Sen. Kevin Cramer (R-N.D.), a lead negotiator on transmission principles in the permitting debate for the GOP, confirmed Hickenlooper had spoken to him about “BIG WIRES” but was cool on the proposal, calling the 30 percent requirement “impossible” and “impractical.”

Peters also conceded that their original proposal had to be refined over the last several months to make it “more palatable, more achievable for people,” making some changes “to allay some of the concern that some regions would really have to turn everything upside down to comply.”

Peters signaled his top priority will be getting the bill a hearing in Duncan’s subcommittee, but the South Carolina Republican has been noncommittal on if or when he’d dedicate time for a formal discussion of transmission deployment in the permitting process.

“Last I spoke to him, he knows it’s something we want to get started on,” Peters said of conversations with Duncan. “He himself indicated interest in learning more about it, so I think hearings are a great way to do that.”

Duncan told E&E News last week that he planned to hold a hearing on transmission, though did not provide a timeline. Peters serves on the subcommittee.

A Duncan spokesperson said the congressman had no plans to hold a hearing “solely focused on transmission,” signaling any committee consideration on the matter would be held in tandem with other aspects of the permitting conversations.

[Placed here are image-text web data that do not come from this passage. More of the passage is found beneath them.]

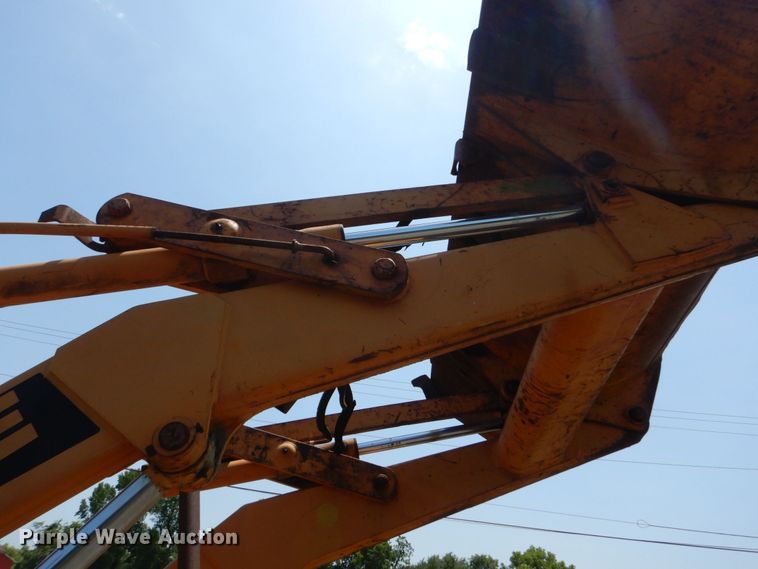 image for item DO1440 Case 580C  backhoe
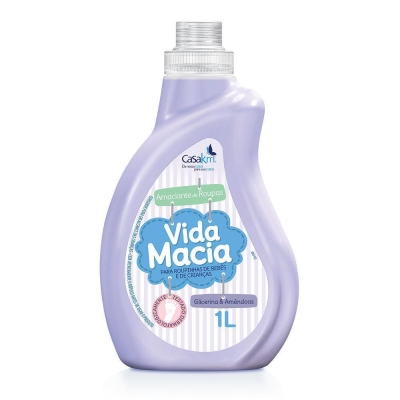 AMACIANTE INF VIDA MACIA 1L AMENDOAS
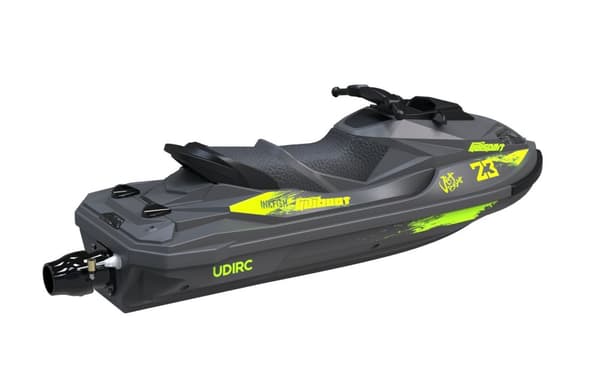 UDI Inkfish Waterjet - Børste RTR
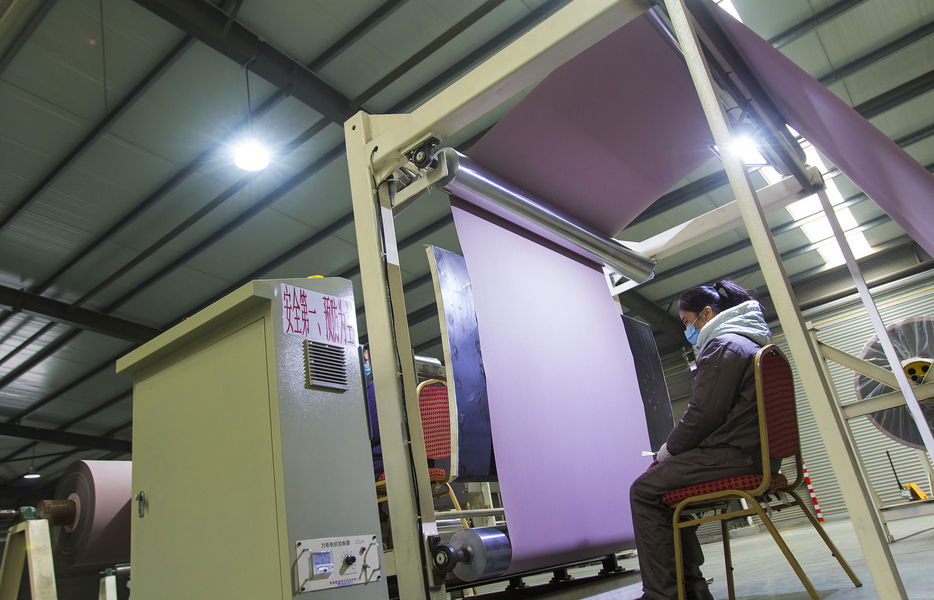 WEEM Abrasives производственная линия производителя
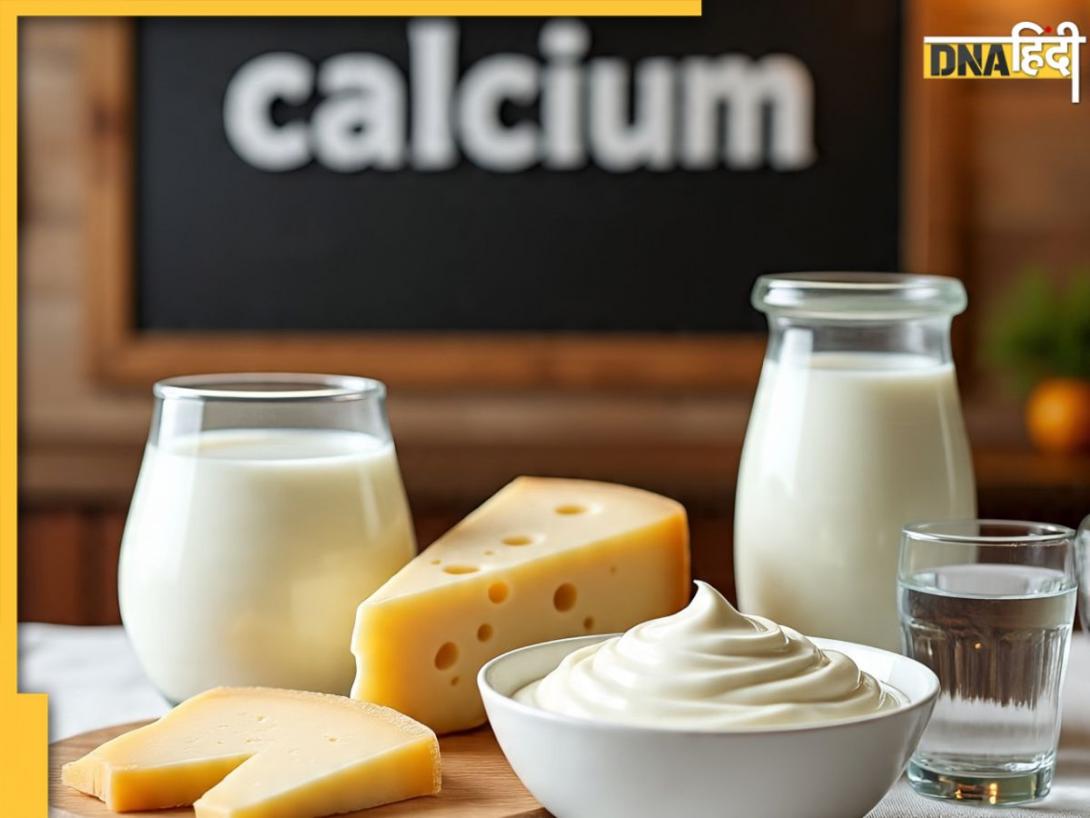 Calcium Side Effects: ज्यादा कैल्शियम का सेवन सेहत के लिए हो सकता है खतरनाक, जानें इसके नुकसान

“There’s been significant conversation about transmission in Subcommittee hearings we have held, and we expect these conversations to continue,” the Duncan spokesperson said. “However, it’s important to remember that talking solely about transmission is not going to solve our country’s energy needs.

A spokesperson for Republicans on the Energy and Commerce Committee also told E&E News there were no plans for a hearing on transmission in the near term.

“We hear a lot from our colleagues on the Left only about interstate transmission for our electric grid. However, transmission is not a substitute for generation,” the spokesperson said in a statement.

“Our hearings will continue to focus on solutions the American people need to be protected from the Biden administration’s continued attacks on 24/7 dispatchable generation and a reliable energy grid.”

Reporter Nico Portuondo contributed.